** Source material **
'''

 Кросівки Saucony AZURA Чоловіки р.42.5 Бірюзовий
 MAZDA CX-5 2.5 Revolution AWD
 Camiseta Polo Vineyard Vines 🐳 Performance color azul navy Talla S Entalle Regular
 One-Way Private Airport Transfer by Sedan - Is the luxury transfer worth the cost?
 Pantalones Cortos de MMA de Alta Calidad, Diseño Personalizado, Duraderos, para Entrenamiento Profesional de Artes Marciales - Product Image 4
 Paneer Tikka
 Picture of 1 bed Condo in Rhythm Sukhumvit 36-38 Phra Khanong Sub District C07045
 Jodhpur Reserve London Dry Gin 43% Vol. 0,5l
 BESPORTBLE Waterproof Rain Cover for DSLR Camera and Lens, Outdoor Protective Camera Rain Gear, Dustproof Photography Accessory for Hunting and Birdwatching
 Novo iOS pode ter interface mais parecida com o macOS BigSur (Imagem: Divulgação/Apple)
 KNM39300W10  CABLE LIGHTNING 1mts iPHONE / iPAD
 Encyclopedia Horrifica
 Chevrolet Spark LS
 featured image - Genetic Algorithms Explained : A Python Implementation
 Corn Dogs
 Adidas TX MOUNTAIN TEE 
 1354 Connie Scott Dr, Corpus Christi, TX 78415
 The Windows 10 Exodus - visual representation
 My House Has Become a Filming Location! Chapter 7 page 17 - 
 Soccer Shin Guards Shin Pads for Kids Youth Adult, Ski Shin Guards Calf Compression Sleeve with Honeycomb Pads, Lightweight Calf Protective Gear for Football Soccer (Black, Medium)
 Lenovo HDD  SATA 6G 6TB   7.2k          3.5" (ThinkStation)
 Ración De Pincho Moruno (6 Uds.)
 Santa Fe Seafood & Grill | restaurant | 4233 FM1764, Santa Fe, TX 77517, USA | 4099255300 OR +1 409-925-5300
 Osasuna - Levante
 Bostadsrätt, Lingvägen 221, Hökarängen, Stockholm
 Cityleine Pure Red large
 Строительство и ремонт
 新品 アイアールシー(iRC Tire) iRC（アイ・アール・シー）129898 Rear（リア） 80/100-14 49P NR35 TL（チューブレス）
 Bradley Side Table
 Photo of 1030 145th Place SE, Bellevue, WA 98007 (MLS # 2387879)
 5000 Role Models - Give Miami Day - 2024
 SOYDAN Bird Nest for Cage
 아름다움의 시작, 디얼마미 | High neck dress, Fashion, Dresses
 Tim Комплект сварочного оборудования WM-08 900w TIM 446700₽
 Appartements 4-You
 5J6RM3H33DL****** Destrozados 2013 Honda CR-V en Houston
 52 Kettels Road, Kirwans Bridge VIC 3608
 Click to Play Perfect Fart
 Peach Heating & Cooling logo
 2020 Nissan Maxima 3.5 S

'''

** Task description **
Could you repeat exactly the lines in the listing above from the one with "Soccer Shin Guards" down to the one with "아름다움의 시작, 디얼마미"? Include both of those lines.

** Answer to the problem **
 Soccer Shin Guards Shin Pads for Kids Youth Adult, Ski Shin Guards Calf Compression Sleeve with Honeycomb Pads, Lightweight Calf Protective Gear for Football Soccer (Black, Medium)
 Lenovo HDD  SATA 6G 6TB   7.2k          3.5" (ThinkStation)
 Ración De Pincho Moruno (6 Uds.)
 Santa Fe Seafood & Grill | restaurant | 4233 FM1764, Santa Fe, TX 77517, USA | 4099255300 OR +1 409-925-5300
 Osasuna - Levante
 Bostadsrätt, Lingvägen 221, Hökarängen, Stockholm
 Cityleine Pure Red large
 Строительство и ремонт
 新品 アイアールシー(iRC Tire) iRC（アイ・アール・シー）129898 Rear（リア） 80/100-14 49P NR35 TL（チューブレス）
 Bradley Side Table
 Photo of 1030 145th Place SE, Bellevue, WA 98007 (MLS # 2387879)
 5000 Role Models - Give Miami Day - 2024
 SOYDAN Bird Nest for Cage
 아름다움의 시작, 디얼마미 | High neck dress, Fashion, Dresses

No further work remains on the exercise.